CUDAを使えばどのくらい高速化できるのか、実際にフィルター処理をCUDA化して処理時間を比較してみました。 CUDAの使用を検討されている方の参考になれば幸いです。
CUDAとは
CUDA(Compute Unified Device Architecture:クーダ) とは、
NVIDIA GPUを利用して並列計算を行うためのソフトウェア開発・実行環境の一つです。
専用のプログラミング言語やコンパイラ、ライブラリ、API(Application Programming Interface)などで構成されます。 Windows環境の場合は、Visual StudioとCUDA Toolkitをインストールすれば、 比較的簡単に開発環境を作成することができます。
CUDAの得意な処理、不得意な処理
GPUは、画像処理に特化したデバイスであるため、画像を入力として左上から右下まで
一画素ずつ走査し処理するような繰り返し処理にとても強いです。
一方で、1つの命令で複数のデータを処理するSIMD (Single Instruction Multiple Data) 形式で
並列実行を行うため、プログラム中に分岐処理を含む場合は性能を極端に落とすことがあります。
下記の図のような場合、CPUの各コアは分岐の条件を元に命令Aまたは命令Bのどちらかを それぞれ実行します。しかし、GPUの場合、複数のコアがグループとなっており、 グループに対して1つの命令しか実行することができないため、命令Aと命令Bを同時に 実行することができません。
そのため、このような分岐処理が含まれていると、命令Aの実行が終わってから命令Bを 実行する必要があるため、全体の実行時間が増加してしまうことがあります。

ノイズ除去フィルターをCUDA化してみる
実際にノイズ除去フィルターをCUDAを使って高速化してみました。 フィルター処理は処理A~Gのように複数の計算に分割します。 それぞれの処理に対してCPUで実行した場合とGPUで実行した場合の処理時間を計測しています。 横方向は画像に対してX軸方向に計算していく処理、縦方向は画像に対してY軸方向に計算していく処理になります。

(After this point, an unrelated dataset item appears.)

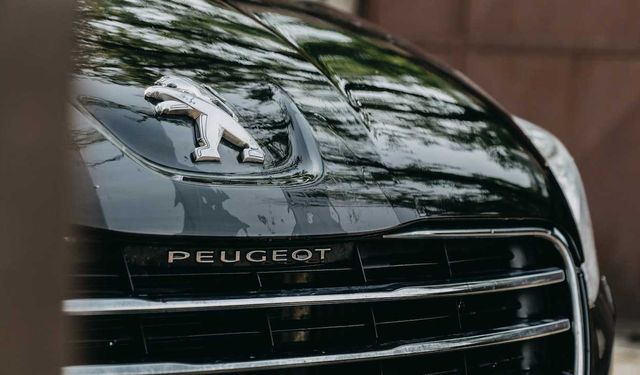 Peugeot 2008 yenilendi! Dikkat çeken tasarımı ve yenilikçi özellikleriyle Peugeot 2008 SUV!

結果を見ていくと、処理C・D以外はCUDAを使用することで高速化することができました。 分岐処理が含まれている処理F・Gも今回のケースでは処理時間を短縮することができました。
一方で、処理C・Dがなぜ高速化できていないかというと、ブロックサイズ・グリッドサイズの大きさが原因です。
高速化できた処理は1ピクセルの処理を1スレッドで行っているのに対して、
処理C・Dはフィルター後の値を計算に使用できるように、1行分の処理を1スレッドで行っています。
そのため、ブロックサイズ、グリッドサイズが小さくなり、ハードウェアリソースを効果的に使用することができず、
CPUと比較しても大きな効果が得られなかったと考えられます。

そこで、処理C・Dに対してメモリの最適化を行いました。
GPUで使用できるメモリにはいくつか種類がありますが、当初は一番オーソドックスと思われるグローバルメモリを使用していました。
しかし、グローバルメモリは、デバイス上の全てのスレッドから参照できますが、最も遅延が大きいメモリです。
そのため、シェアードメモリと呼ばれる、高速ですが同一ブロック内のスレッドでしか読み書きできないメモリを使用するように変更しました。
結果、画像一行分のデータを一旦シェアードメモリに格納してからフィルター処理を実行することで、大きく高速化することができました。
まとめ
CUDAを使った計算処理の高速化について、実際に使用した際の結果をまとめてみました。 今回の実験では、CUDAを使用することで多くの処理において大幅な高速化が実現できました。 特に、CUDAが得意な処理である処理A・Bでは、CPUと比較して大きな速度向上が見られました。
一方で、処理C・Dのように、ブロックサイズやグリッドサイズの設定が適切でない場合や、 GPUが不得意な計算をする場合には、CUDAの効果が十分に発揮されないことも確認できました。 これらの処理では、パフォーマンスの最適化が必要です。
パフォーマンスの最適化は、NVIDIAのプロファイラー(Nsight Compute, Nsight Systems)を使用して、 効果的にメモリを使用できているか、どの処理にどのくらいかかっているのか確認していくと、効率的に進めることができます。
総じて、CUDAを活用することで、画像処理の分野において大きなパフォーマンス向上が期待できることが分かりました。